Sonate 1
Cette fois encore le temps t’a ramenée
dans mes rêves funèbres.
Ta peau, ton goût d’humidité saline,
tes yeux étonnés des jours d’autrefois,
sont revenus, et ta voix, et ta chevelure.
Le temps, petite fille, qui s’acharne
comme la louve enterre ses petits
ou l’algue recouvre la quille du navire,
comme la vague lèche le sel des amarres,
comme le vent monte des galeries de mines,
ou le train appelle dans la nuit des hauts plateaux déserts.
De son travail opaque nous faisons notre nourriture
comme de pain consacré ou viande faisandée
qui se dessèche dans la fièvre des ghettos.

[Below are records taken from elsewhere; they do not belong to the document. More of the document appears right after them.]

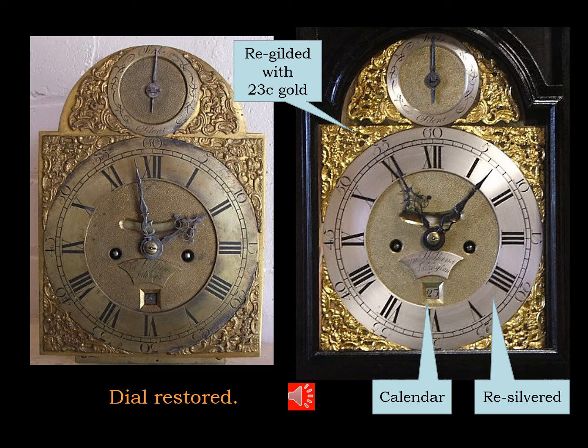The original dial simply needed a good cleanup — removing all the components, cleaning the dial plate, re-silvering the chapter ring, the calendar ring, the name plate and the silent and strike chapters, then gilding the spandrels and re-waxing the numerals. I was able to bring it back to the way it would have been when first sold in 1760.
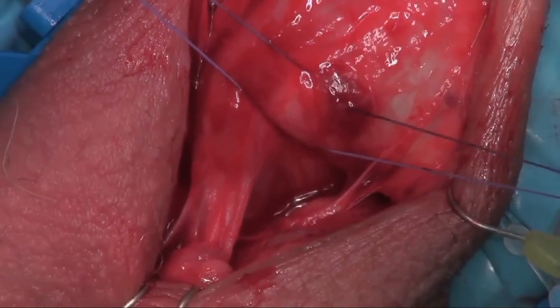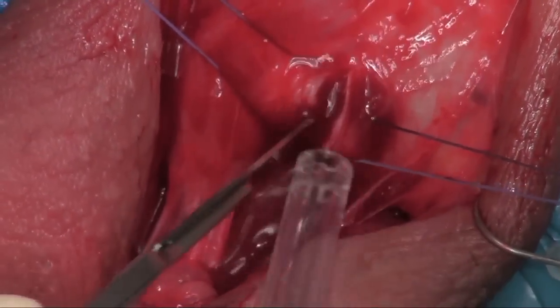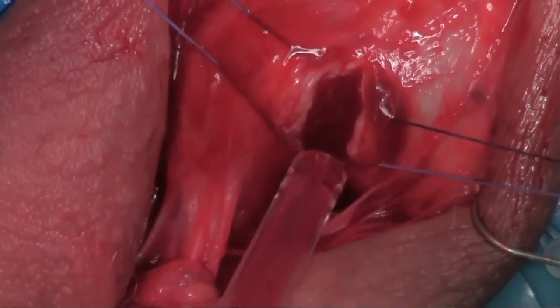Here I'm making the corporotomy. Start at the distal incision, go past the proximal incision — needs to be about a centimeter and a half in size.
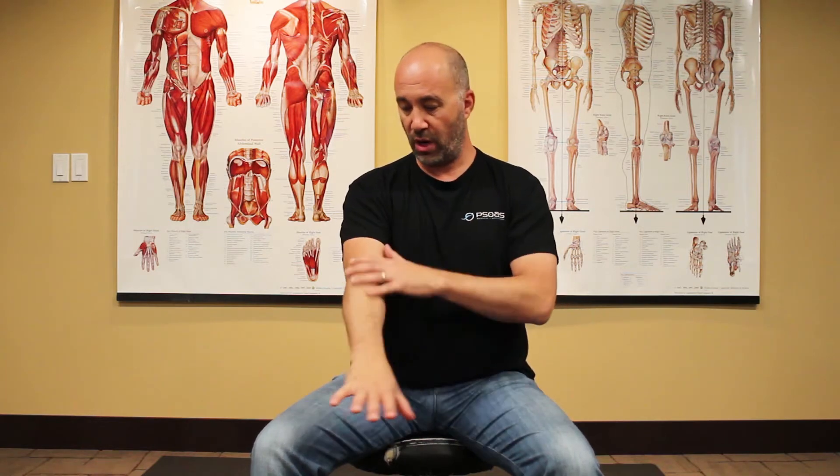It should help with some of the tension in the back of your hand and back of your forearm. We're going to be using all the active isolated stretching techniques that we know here. If you need a refresher on that, go to Active Isolated Stretching Explained on our YouTube feed.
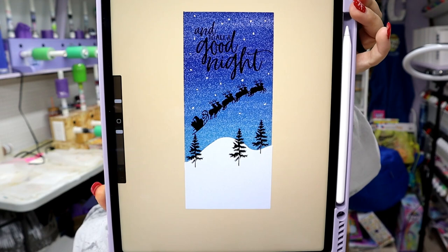Hey guys, Courtney here with Courtney's Customs and today I'm going to show you how I recreated a tumbler that I drew in Procreate. I just recently got an iPad and I'm super excited — this is what I drew up in Procreate. So let's go ahead and see if I can recreate this tumbler the best I possibly can.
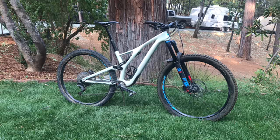It has the Shimano XT 4-piston brakes. You could basically go down anything with those brakes — best brakes I've ever had in my life.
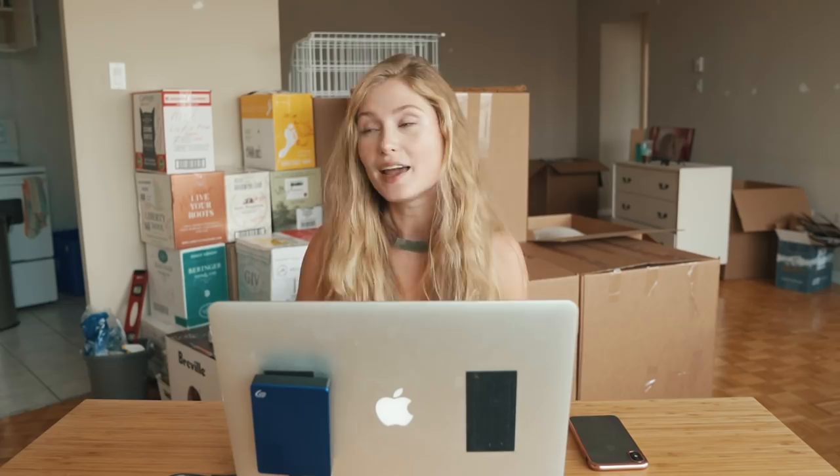Before we get into that, I just wanted to address the mess going on behind me — I'm moving, and I really don't have anywhere to shoot right now. There's a lot of echoing because there's no stuff in here, and all my gear is packed. Isn't this that transparent thing people want for YouTube videos? They want you to be transparent about what's going on in your life, and this is what's going on in mine.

À l’ombre du temps, ô mon amie,
une eau tranquille de ruisseau me ramène
ce que je garde de toi pour m’aider
à gagner la fin de chaque jour.
Álvaro Mutis, Et comme disait Maqroll el Gaviero, Préface d’Eduardo Garcia Aguilar, Traduction de François Maspero, Poésie/Gallimard, 2008, p.113.
Chopin
Sonate No. 2 pour piano, Premier mouvement, Op. 35/I, Doppio movimento
Piano Vladimir Horowitz
Robert Schumann, à propos de cette sonate, écrivait : … Un certain génie impitoyable nous souffle au visage, terrasse de son poing pesant quiconque voudrait se cabrer contre lui et fait que nous écoutons jusqu’au bout, comme fascinés et sans gronder… mais aussi sans louer : car ce n’est pas là de la musique. La sonate se termine comme elle a commencé, en énigme, semblable à un sphinx moqueur.